YOUR ASSIGNMENT:
Produce one exact copy of the records, no pictures.

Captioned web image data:
= = = = =

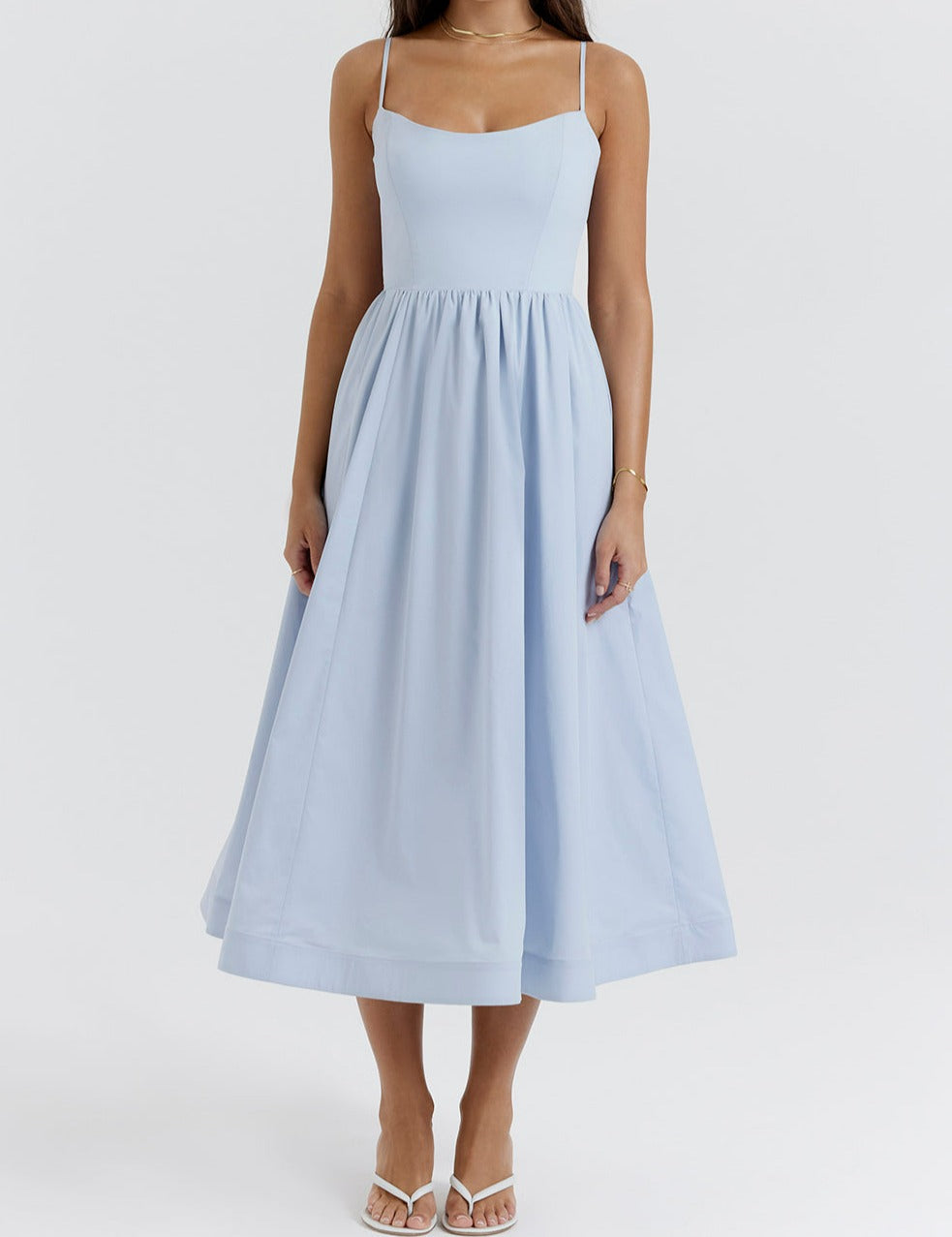 R&B | Elegantes Midikleid Look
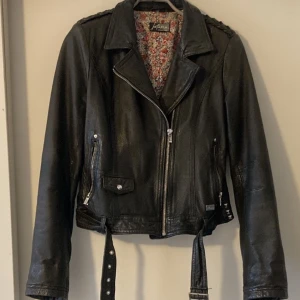 Skitcool skinnjacka - Jofama by Kenza 3 skinnjacka äkta läder ombloggad trend, svart jacka med nitar. Storlek 38. Nypris 3500. Priset är förhandlingsbart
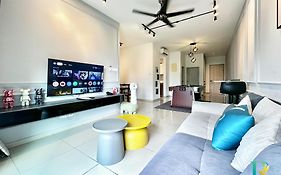 Seasons Luxury Apartment By Rr Jbcity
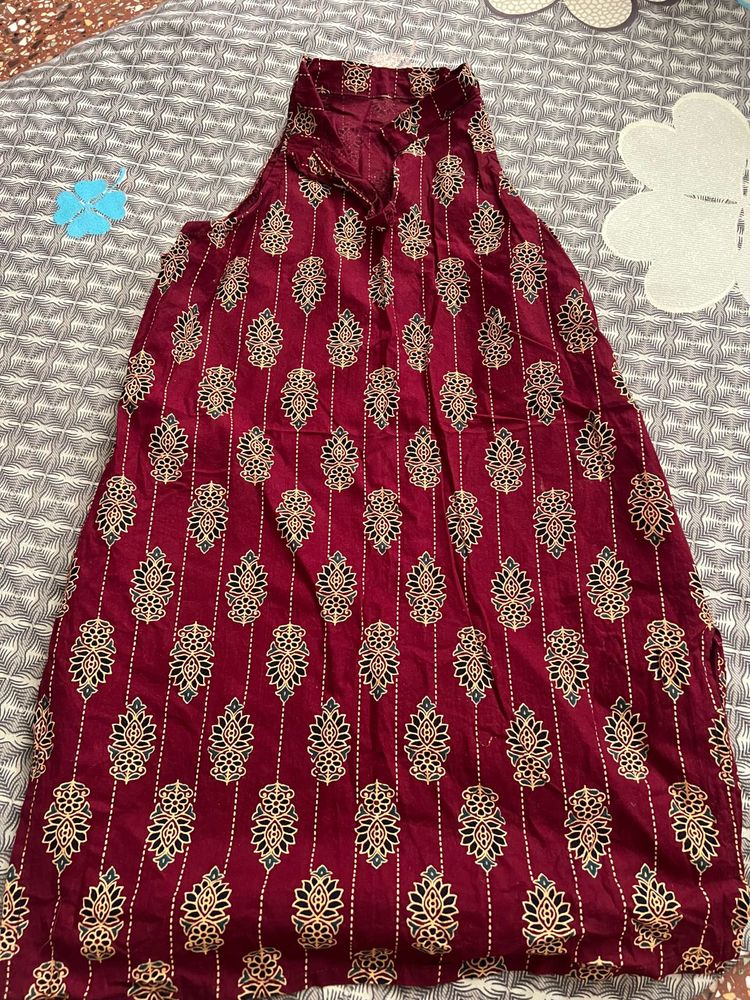 Maroon Printed Sleeveless Kurta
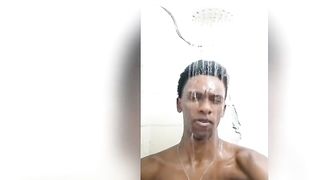 MAVAMBO NOVINHO BLACK CAVALO NO BANHO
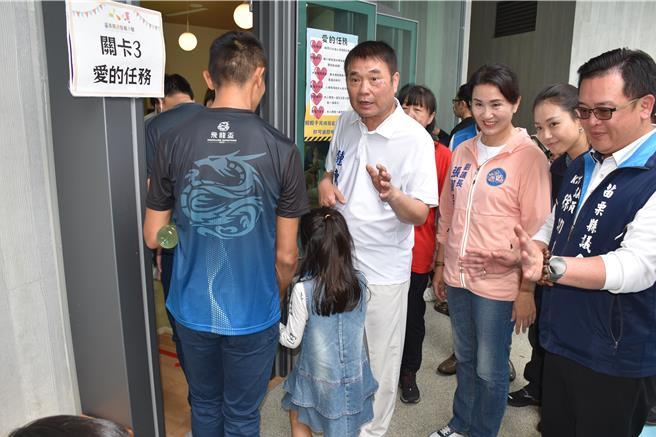 头份亲子馆30日正式启用，一早就有许多家长带着小朋友到场体验，苗栗县长锺东锦向家长及小朋友致意。（谢明俊摄）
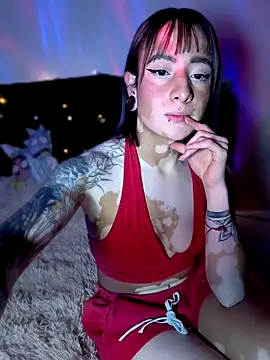 dayana harlow2 online show from April 22, 8:28 pm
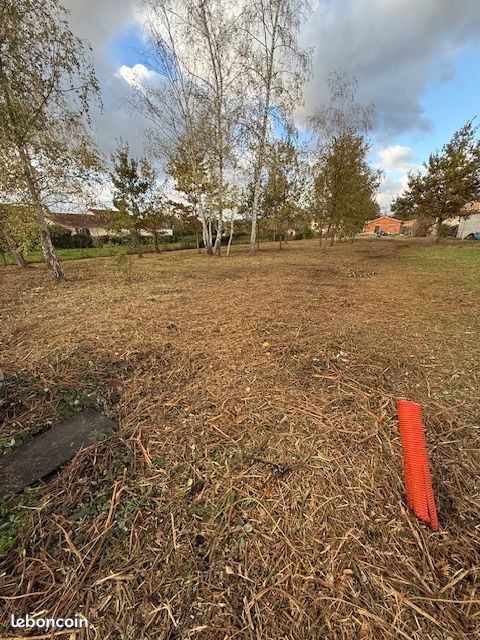 Terrain 842M2 BERGERAC rive droite · 44 000 €
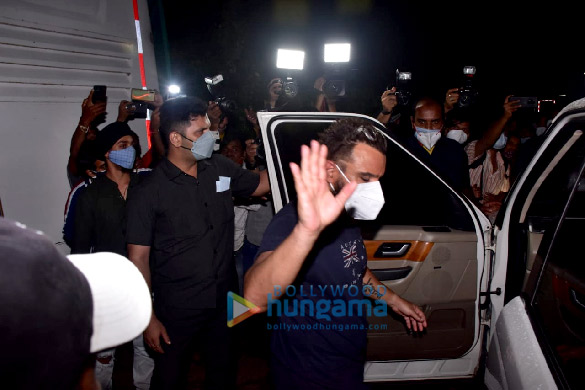 photos saif ali khan snapped during a shoot in goregaon 4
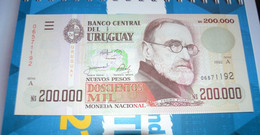 URUGUAY - 200000 NUEVOS PESOS 200.000 - Serie A 1992 Pick 72 - Serial Number 06571192 - UNC NEUF FDS - Uruguay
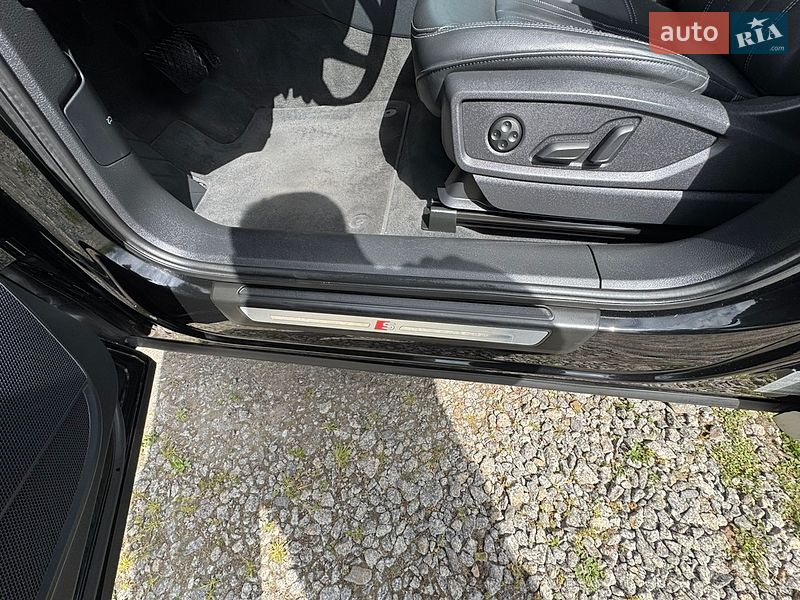 Внедорожник / Кроссовер Audi Q5 2023 в Бердичеве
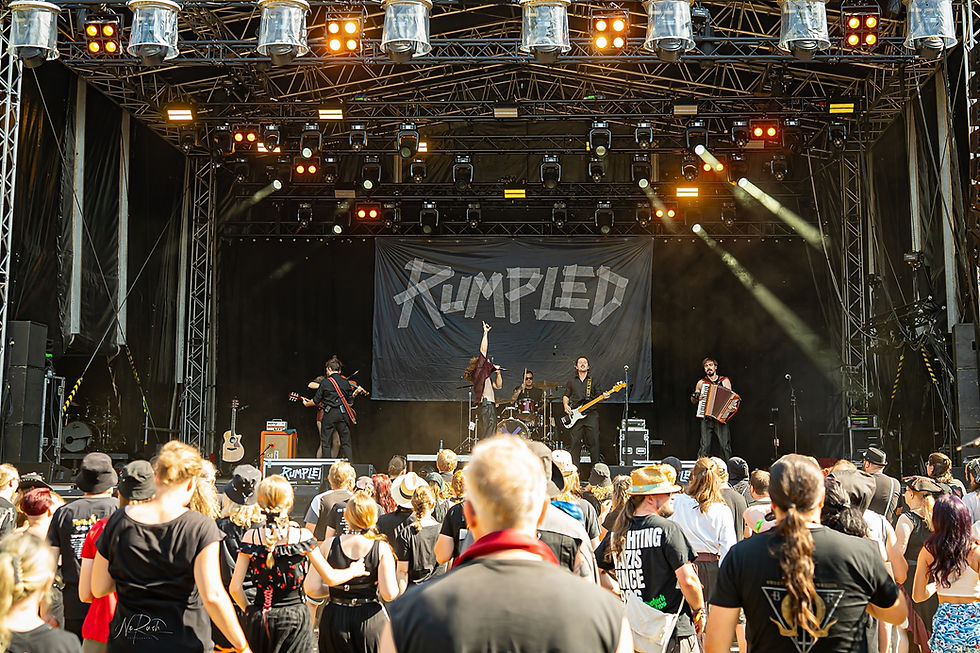 The Rumpled 6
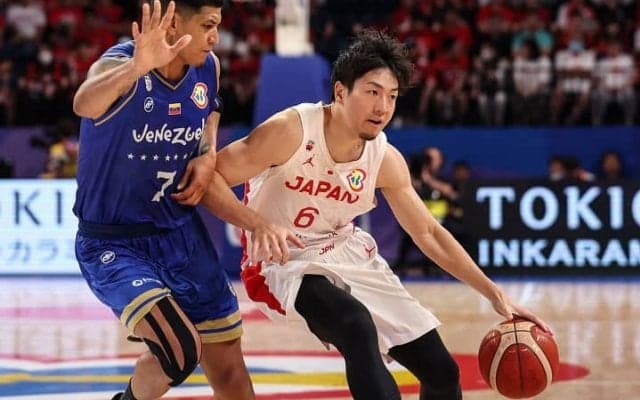 またも終盤で劇的勝利！敗れたベネズエラメディアは日本の逆転劇に賛辞「夢のような試合となった」【バスケW杯】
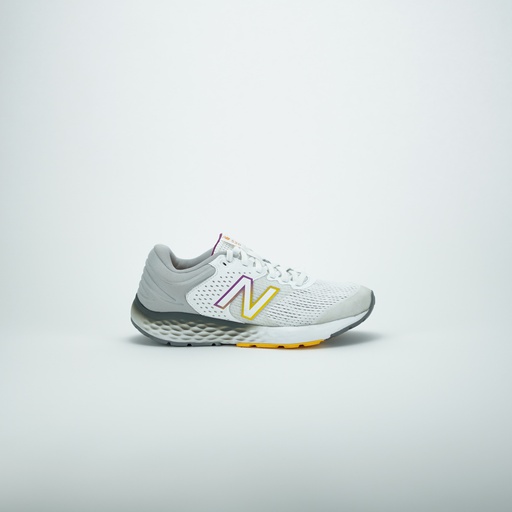 [W520RW7] NEW BALANCE 520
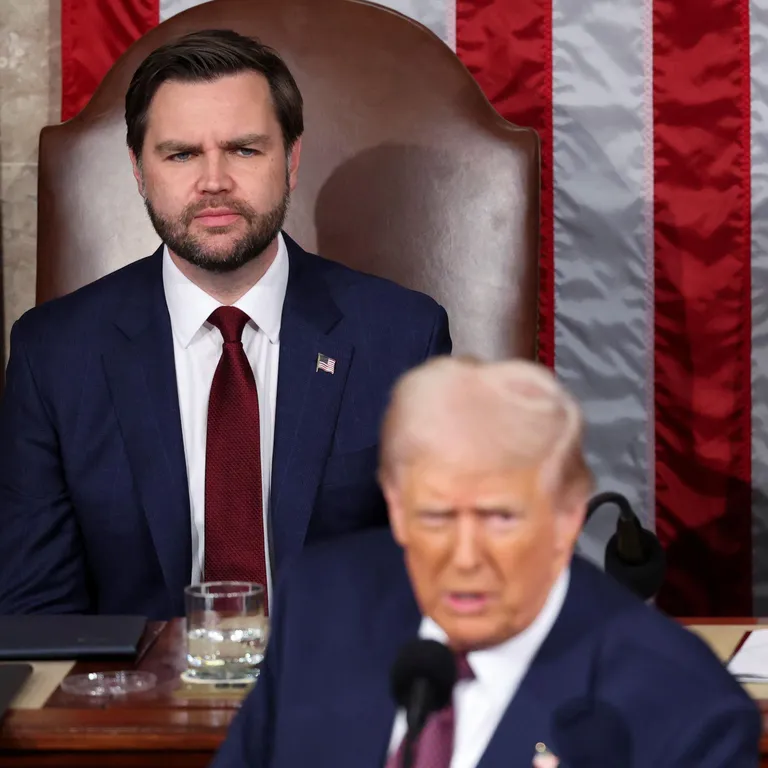 Вице-президент Вэнс слушает речь Трампа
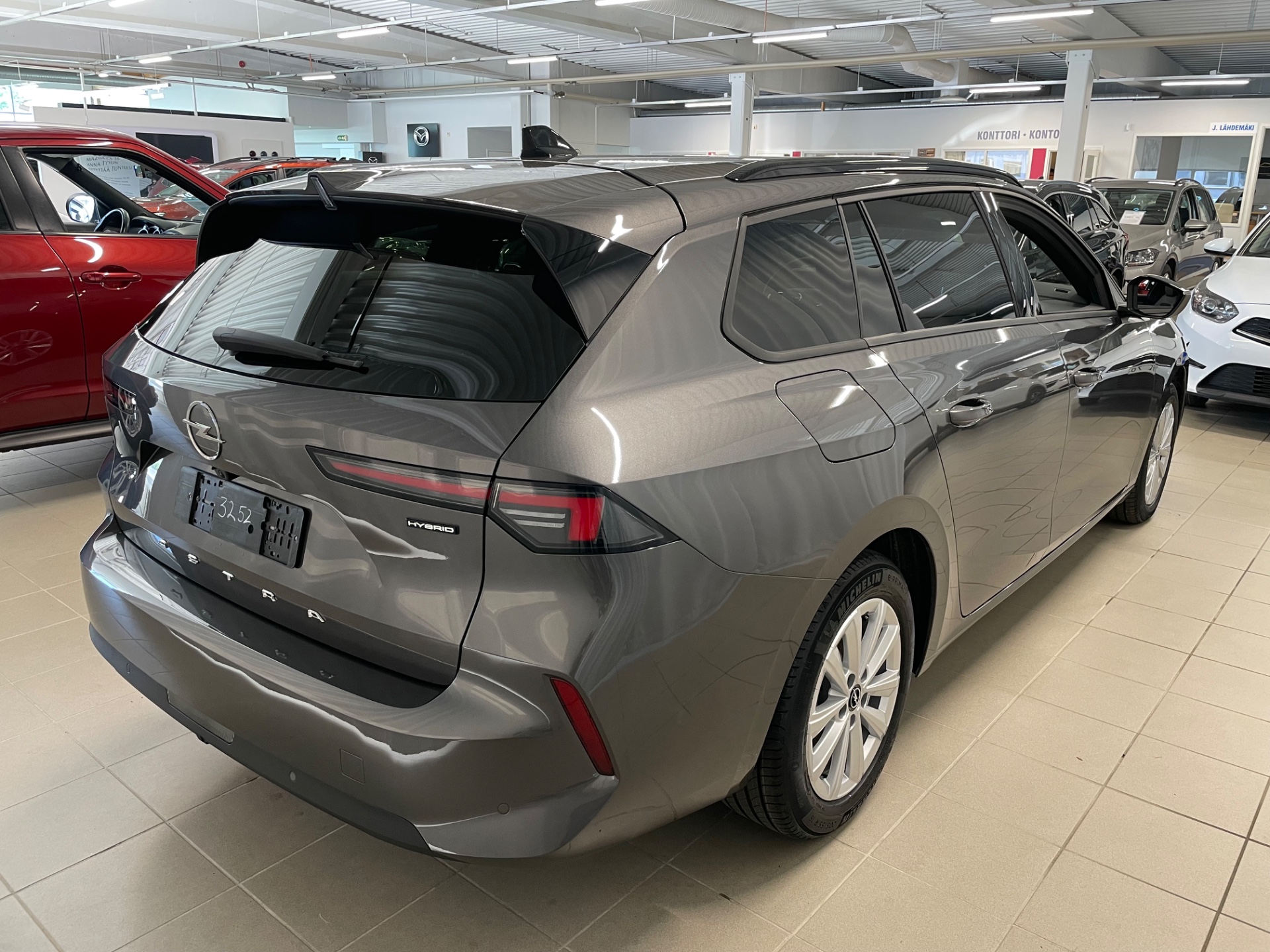 Opel Astra Sports Tourer Edition Plus Hybrid 145 Automaatti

= = = = =

RESULT:
 R&B | Elegantes Midikleid Look
 Skitcool skinnjacka - Jofama by Kenza 3 skinnjacka äkta läder ombloggad trend, svart jacka med nitar. Storlek 38. Nypris 3500. Priset är förhandlingsbart
 Seasons Luxury Apartment By Rr Jbcity
 Maroon Printed Sleeveless Kurta
 MAVAMBO NOVINHO BLACK CAVALO NO BANHO
 头份亲子馆30日正式启用，一早就有许多家长带着小朋友到场体验，苗栗县长锺东锦向家长及小朋友致意。（谢明俊摄）
 dayana harlow2 online show from April 22, 8:28 pm
 Terrain 842M2 BERGERAC rive droite · 44 000 €
 photos saif ali khan snapped during a shoot in goregaon 4
 URUGUAY - 200000 NUEVOS PESOS 200.000 - Serie A 1992 Pick 72 - Serial Number 06571192 - UNC NEUF FDS - Uruguay
 Внедорожник / Кроссовер Audi Q5 2023 в Бердичеве
 The Rumpled 6
 またも終盤で劇的勝利！敗れたベネズエラメディアは日本の逆転劇に賛辞「夢のような試合となった」【バスケW杯】
 [W520RW7] NEW BALANCE 520
 Вице-президент Вэнс слушает речь Трампа
 Opel Astra Sports Tourer Edition Plus Hybrid 145 Automaatti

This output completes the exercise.